The problem is likely with me. I don't like to write code. JMP offers a UI that builds the code as you select options. Sure you can always access the code, and I do on occasion, but most of the time it is unnecessary to get what you want out of the system quickly.I have tried several times to get into R for statistical analysis. First time was probably 20 years ago, then 12 years ago, then about 8 years ago, and finally just last year I tried again. Never could get much past getting it up and running, and using a couple of dummy data sets. First time I tried analyzing a fresh dataset of my own it has always fallen apart and I end up resorting to rather expensive software from SAS (JMP specifically)How do these results compare with other commercial software or performing the analysis in R?
Good question. For a dataset this size, I would absolutely start with R or similar. I accept that those require deeper knowledge/skills than included in this brief. Something like SPSS would be good, but it's been captured and squeezed by IBM.
I'd recommend jumping into R Studio (rebranding to Posit soon) if you want to get into the R ecosystem. They're doing a decent job expanding into Python, but Anaconda is still more Python-native if you want to go that direction. Anaconda's desktop installer has a nice launcher that can get you up and running with Jupyter notebooks, Spyder, etc pretty quickly.
In general, there's zero reason to spend $1000 on AWS bills before you've started to run out of memory or patience on your laptop... and that is not going to happen with tiny datasets like this.
Open source, cross platform, every growing library of capabilities. Seems great on paper, but I've never been able to get the hang of the coding. And R-studio doesn't really make that any easier. It is more of a tool to make certain things easier for people already intimately familiar with R than it is a tool to make R easier to get into.
I'm not really sure what the exact issue is. I've taught courses in statistical programming at the grad level, and R programming specifically at the undergraduate level, and while the learning curve is steeper than, say, Python, I don't think I've ever run into anyone who can't get it to work at all.
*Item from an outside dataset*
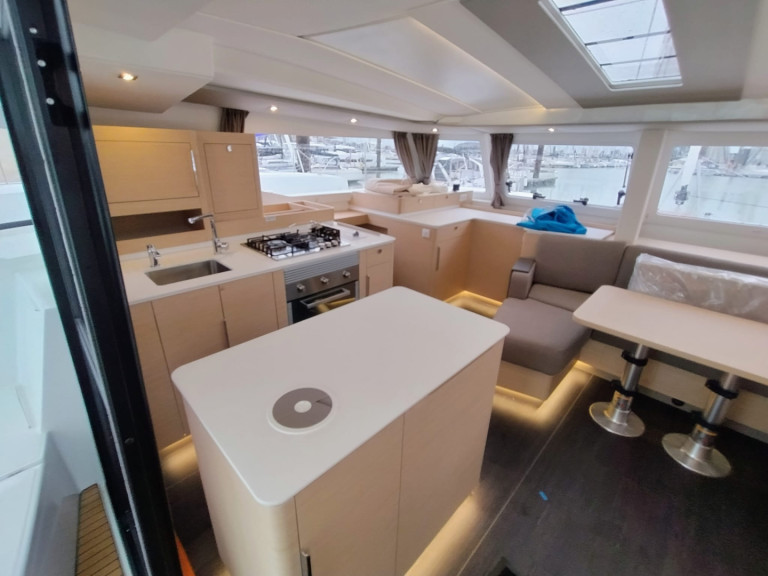 Fountaine Pajot Fountaine Pajot FP 44 Quatuor - 4 + 2 cab. charter bareboat or captained in  Préveza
Code is just like language, some are easy to learn, others harder, but with very few exceptions they're pretty much the same thing under the hood. It doesn't matter if it's R, or Python, or C++ or even something a bit less hand-holding such as Fortran, the core principles are not so different, and if you know one, you should be able to code functionally (if not efficiently) in any of the others with a bit of retooling.
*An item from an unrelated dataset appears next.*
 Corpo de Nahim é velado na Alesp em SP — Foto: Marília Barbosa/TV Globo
Practically, there are millions of pieces of demo code for statistics problems in R floating around. If you want to solve a particular issue (and isn't on the very cutting edge of applied statistics), chances are someone has done essentially this exact thing, and their code gets you 90% of the way there. On the proficiency side, I'd start with Hackerrank and work through their entire repository of R exercises - it's pretty small relative to what they have for Python IIRC.
With more complex problems, my experience is that parametric methods, even the very smart ones (elastic net, fancy variable selection MCMCs) tend to underperform neural nets when it comes to predictive performance. It depends on what you want - in many cases, it's perfectly fine to not know exactly what is driving the outcome, so long that the model is sufficiently robust to inputs.